In the summer of 2015, we ran a high monthly bill and a lot of EC2 instances. See our historic AWS usage below:

screen-shot-2016-10-13-at-11-46-31-am

Historic AWS Usage

During summer 2015, we had already begun planning for the holiday season. As a company that manages returns and D2C sales, we knew our inventory would increase. We knew that we could scale and spend our way through the holidays, but Optoro aimed to maintain a high level of volume after the season ended. We had already started hitting the limits of what our AWS magnetic volumes could handle on our principal MySQL database server, as well as our MongoDB cluster. Once the holidays arrived, our expenditures would continue to increase to cover newer GP2 disks, which cost more on AWS. Given the high traffic levels, our annual spend would have increased even more than we anticipated.
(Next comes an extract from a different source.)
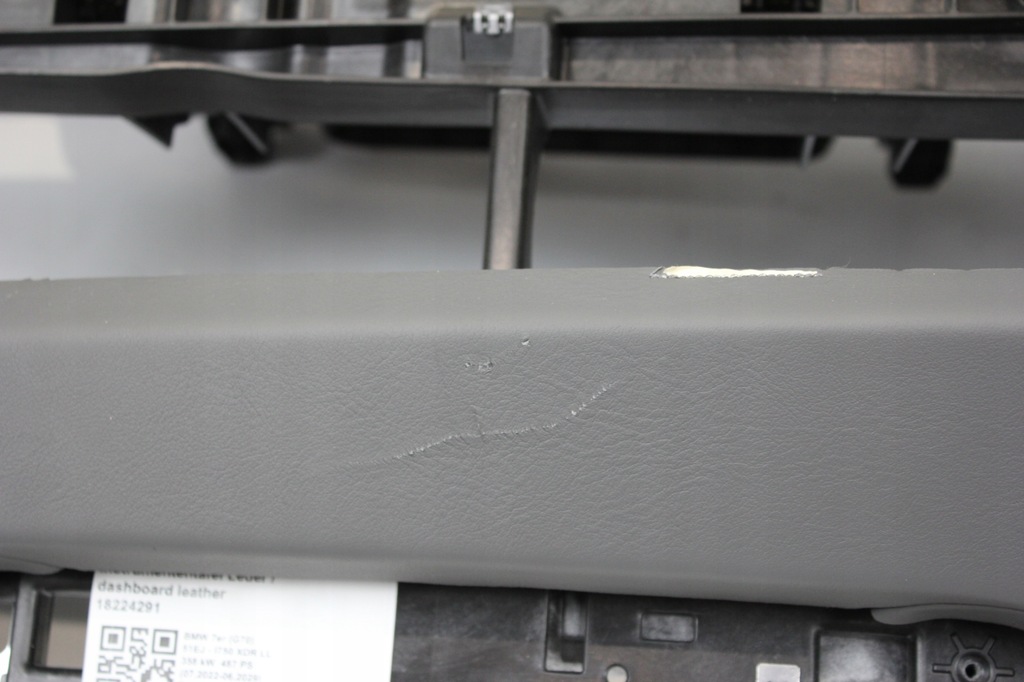 фото №8, Панель приладів консоль приладова шкіряний оригінальна atlasgrau bmw g70 i7 veii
To determine the best way to tackle this issue, we chatted with our financial team and reviewed quotes from vendor conversions, and created a financial model. We knew that Optoro prioritized spreading out payments and moving away from three-year RIs in order sustain long-term flexibility, and when creating the model, we aimed to compare the value of AWS to the value of running on our own system. Our cloud cost estimation assumed a 2% increase every month (this was our historic average) and building 1 YR all upfront RIs (for which Amazon provides us with a 40% overall discount on our EC2 instances). We did not factor performance into this model because AWS instances have variable performance across the board, so we considered AWS to be as performant as bare metal. As a result of our analysis, we concluded that moving onto our own servers would reduce our costs by a significant amount (see below).  

screen-shot-2016-10-13-at-11-47-51-am

Hybrid Infrastructure vs. AWS – Projected Monthly Spend with RIs

The red spikes are the re-upping of the AWS RIs while the troughs account for the steady state (EBS volumes, network charges, etc) as well as EC2 instances that hadn’t been converted to RIs.

 

screen-shot-2016-10-13-at-11-49-58-am

Hybrid Infrastructure vs. AWS – Total Cash Out

In the last month we spent less on the hybrid model than on the AWS 1YR RI model.

Upon implementation, our self-hosted solution halved our costs, including the integrated power costs required for expanding our data center capabilities. Additionally, with all SSDs and 10 Gb networking, we ended up with better performance and twice the capacity needed to move off of AWS. According to our current numbers, running our own stack resulted in 66% savings.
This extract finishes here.